The vaccine is currently the only one in development for the condition and the company expects the readout from the trials to arrive mid-2020, before taking the asset onto Phase III.
The company also has a vaccine candidate for chikungunya, VLA1553, which has progressed through Phase I trials.
Thomas Lingelbach, CEO of Valneva, told investors that the severance of the agreement allows the company full flexibility to find new partners to take its programs further.
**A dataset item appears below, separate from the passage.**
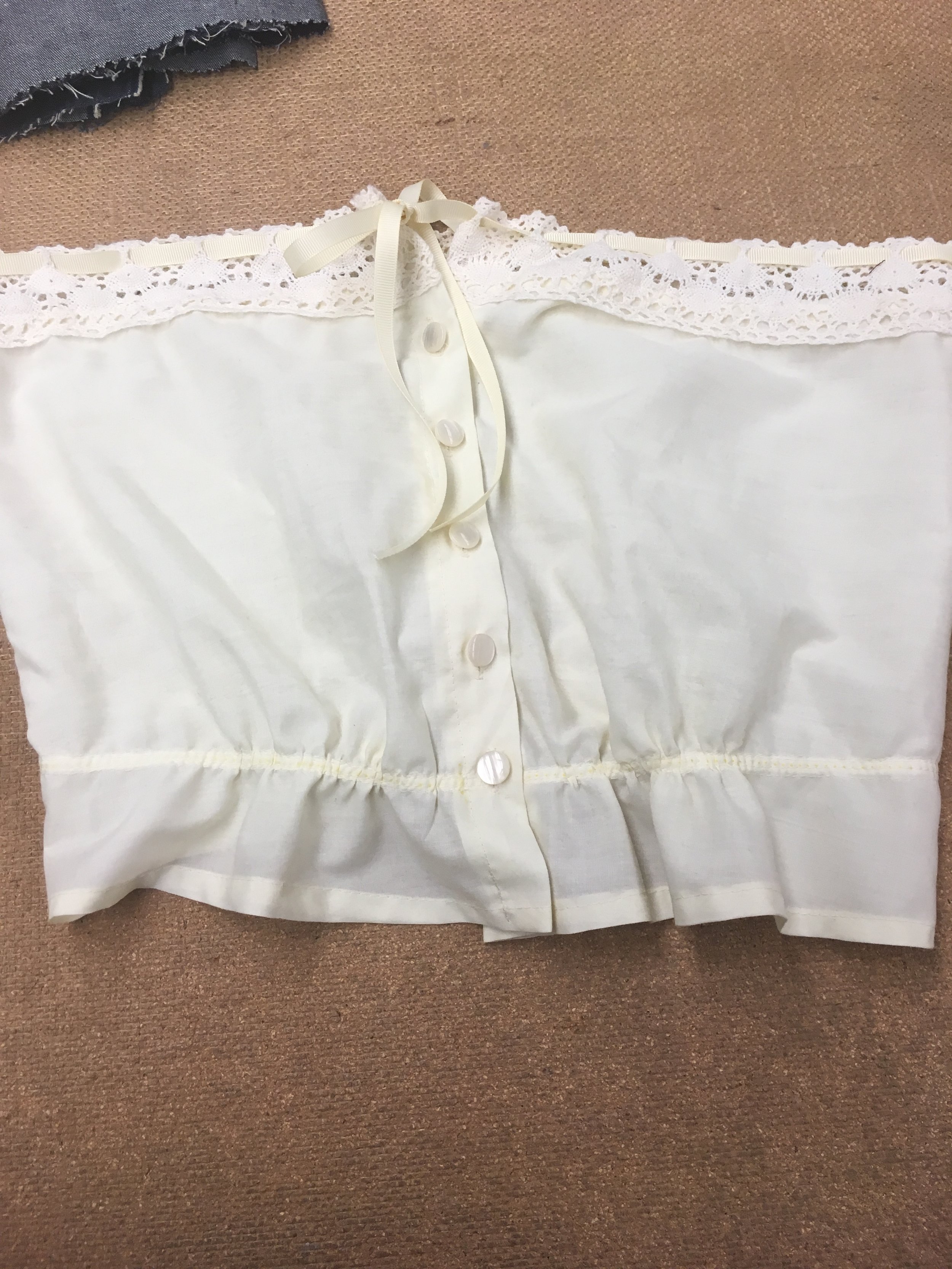  A stock chemise made for the University archives.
However, he stated that the company is “not in a hurry” and “not under pressure” to make such a deal.
Valneva stated that the Phase II trial for VLA15 is fully funded until completion, and a spokesperson for the company told us that the company “does not need a partner to develop these vaccines [further].”
Lingelbach further explained that ending the partnership will enable the company to progress its Lyme disease candidate through the clinic at a faster rate.
“[Making sure] we are ready to go right after the final Phase II is of the utmost importance and this is what the current deal does not really provide for,” he said.
The spokesperson told us that the current plan is for a three-year Phase III trial to be initiated in 2021 or 2022, which could include study participants ages 12 and up, in addition to adults.
“If approved, the vaccine might be recommended for at risk people including those living in endemic areas, people planning to travel to endemic areas to pursue outdoor activities and people at risk who have a history of Lyme disease for protection from the other strains,” the spokesperson explained, regarding potential commercialization plans.
Both of Valneva’s lead vaccine candidates have received US Food and Drug Administration fast track designation.
Valneva currently has a commercial portfolio, with two approved vaccines in the form of Ixiaro, for the prevention of Japanese encephalitis virus, and Dukoral, an oral cholera vaccine. In first quarter results for 2019, the company stated that it had achieved €32.8m in product sales.